*Stored data*
Start of Block
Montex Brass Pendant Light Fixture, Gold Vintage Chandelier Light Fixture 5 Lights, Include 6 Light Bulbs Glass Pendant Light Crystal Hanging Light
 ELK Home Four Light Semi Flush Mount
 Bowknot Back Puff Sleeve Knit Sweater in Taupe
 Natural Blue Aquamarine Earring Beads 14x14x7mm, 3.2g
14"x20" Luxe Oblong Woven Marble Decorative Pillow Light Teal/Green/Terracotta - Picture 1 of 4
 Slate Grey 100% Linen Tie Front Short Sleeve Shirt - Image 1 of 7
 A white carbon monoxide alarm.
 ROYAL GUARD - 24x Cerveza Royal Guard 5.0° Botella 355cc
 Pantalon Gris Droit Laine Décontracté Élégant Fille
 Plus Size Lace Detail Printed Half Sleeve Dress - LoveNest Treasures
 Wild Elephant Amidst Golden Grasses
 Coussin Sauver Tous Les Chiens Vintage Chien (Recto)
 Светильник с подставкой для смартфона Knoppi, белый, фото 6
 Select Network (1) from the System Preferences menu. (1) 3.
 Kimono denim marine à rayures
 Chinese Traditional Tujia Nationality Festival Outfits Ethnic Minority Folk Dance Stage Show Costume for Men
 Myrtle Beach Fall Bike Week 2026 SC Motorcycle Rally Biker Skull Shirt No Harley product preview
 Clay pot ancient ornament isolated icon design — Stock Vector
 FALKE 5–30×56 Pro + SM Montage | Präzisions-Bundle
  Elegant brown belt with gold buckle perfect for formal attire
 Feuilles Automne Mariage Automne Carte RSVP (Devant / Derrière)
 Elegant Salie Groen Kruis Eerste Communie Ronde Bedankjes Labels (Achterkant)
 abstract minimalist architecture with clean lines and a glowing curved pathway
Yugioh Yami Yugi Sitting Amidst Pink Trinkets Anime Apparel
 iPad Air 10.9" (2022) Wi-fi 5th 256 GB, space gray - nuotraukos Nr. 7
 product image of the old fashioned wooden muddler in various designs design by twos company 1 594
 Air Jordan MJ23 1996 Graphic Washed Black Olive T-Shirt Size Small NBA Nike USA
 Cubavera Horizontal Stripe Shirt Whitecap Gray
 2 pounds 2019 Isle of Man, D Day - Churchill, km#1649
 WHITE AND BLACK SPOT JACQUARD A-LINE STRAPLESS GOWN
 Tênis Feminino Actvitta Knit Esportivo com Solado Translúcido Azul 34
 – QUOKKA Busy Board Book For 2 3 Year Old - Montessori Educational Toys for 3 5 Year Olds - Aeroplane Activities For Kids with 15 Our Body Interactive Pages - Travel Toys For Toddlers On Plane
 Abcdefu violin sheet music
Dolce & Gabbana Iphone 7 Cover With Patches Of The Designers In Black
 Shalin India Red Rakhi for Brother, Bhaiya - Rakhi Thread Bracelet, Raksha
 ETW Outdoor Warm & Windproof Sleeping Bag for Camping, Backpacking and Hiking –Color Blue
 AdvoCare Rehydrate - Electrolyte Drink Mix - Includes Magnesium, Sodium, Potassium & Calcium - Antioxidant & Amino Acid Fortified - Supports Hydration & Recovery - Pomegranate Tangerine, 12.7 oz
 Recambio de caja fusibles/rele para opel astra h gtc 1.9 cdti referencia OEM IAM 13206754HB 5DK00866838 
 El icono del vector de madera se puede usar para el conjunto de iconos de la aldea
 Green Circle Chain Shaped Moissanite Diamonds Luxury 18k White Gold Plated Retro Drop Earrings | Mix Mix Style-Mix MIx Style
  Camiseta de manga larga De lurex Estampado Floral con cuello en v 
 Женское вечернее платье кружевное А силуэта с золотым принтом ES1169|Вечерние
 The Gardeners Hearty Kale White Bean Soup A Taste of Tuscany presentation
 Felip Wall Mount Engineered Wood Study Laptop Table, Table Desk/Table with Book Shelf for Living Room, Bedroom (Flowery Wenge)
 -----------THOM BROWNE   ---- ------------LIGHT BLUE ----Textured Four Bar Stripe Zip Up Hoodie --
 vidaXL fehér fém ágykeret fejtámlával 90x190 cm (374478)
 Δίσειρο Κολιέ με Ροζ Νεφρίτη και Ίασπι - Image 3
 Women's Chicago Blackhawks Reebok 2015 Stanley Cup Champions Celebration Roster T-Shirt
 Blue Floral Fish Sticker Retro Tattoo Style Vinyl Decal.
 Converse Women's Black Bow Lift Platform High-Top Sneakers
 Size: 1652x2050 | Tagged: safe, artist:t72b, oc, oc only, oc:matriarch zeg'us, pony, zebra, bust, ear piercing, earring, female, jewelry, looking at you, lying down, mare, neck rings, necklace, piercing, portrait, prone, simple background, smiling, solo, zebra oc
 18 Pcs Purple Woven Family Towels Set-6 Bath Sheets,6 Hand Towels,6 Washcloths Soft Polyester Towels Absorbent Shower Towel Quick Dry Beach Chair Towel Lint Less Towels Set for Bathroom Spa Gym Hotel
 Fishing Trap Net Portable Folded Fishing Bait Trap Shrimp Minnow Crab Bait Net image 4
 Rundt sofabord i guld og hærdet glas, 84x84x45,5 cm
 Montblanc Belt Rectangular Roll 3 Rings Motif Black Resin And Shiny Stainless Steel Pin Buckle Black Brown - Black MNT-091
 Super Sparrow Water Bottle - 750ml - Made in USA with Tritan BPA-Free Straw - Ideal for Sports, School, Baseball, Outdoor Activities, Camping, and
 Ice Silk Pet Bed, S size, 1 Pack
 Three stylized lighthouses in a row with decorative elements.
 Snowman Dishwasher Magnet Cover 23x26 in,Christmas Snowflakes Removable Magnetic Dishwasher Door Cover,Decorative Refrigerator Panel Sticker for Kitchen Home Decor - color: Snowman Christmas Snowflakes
End of Block
*The problem*
In the entries above, find the line with "Blue Floral Fish" and the line with "Fishing Trap Net", then set down exactly those two and every line between them, nothing else.

*Solution for this task*
 Blue Floral Fish Sticker Retro Tattoo Style Vinyl Decal.
 Converse Women's Black Bow Lift Platform High-Top Sneakers
 Size: 1652x2050 | Tagged: safe, artist:t72b, oc, oc only, oc:matriarch zeg'us, pony, zebra, bust, ear piercing, earring, female, jewelry, looking at you, lying down, mare, neck rings, necklace, piercing, portrait, prone, simple background, smiling, solo, zebra oc
 18 Pcs Purple Woven Family Towels Set-6 Bath Sheets,6 Hand Towels,6 Washcloths Soft Polyester Towels Absorbent Shower Towel Quick Dry Beach Chair Towel Lint Less Towels Set for Bathroom Spa Gym Hotel
 Fishing Trap Net Portable Folded Fishing Bait Trap Shrimp Minnow Crab Bait Net image 4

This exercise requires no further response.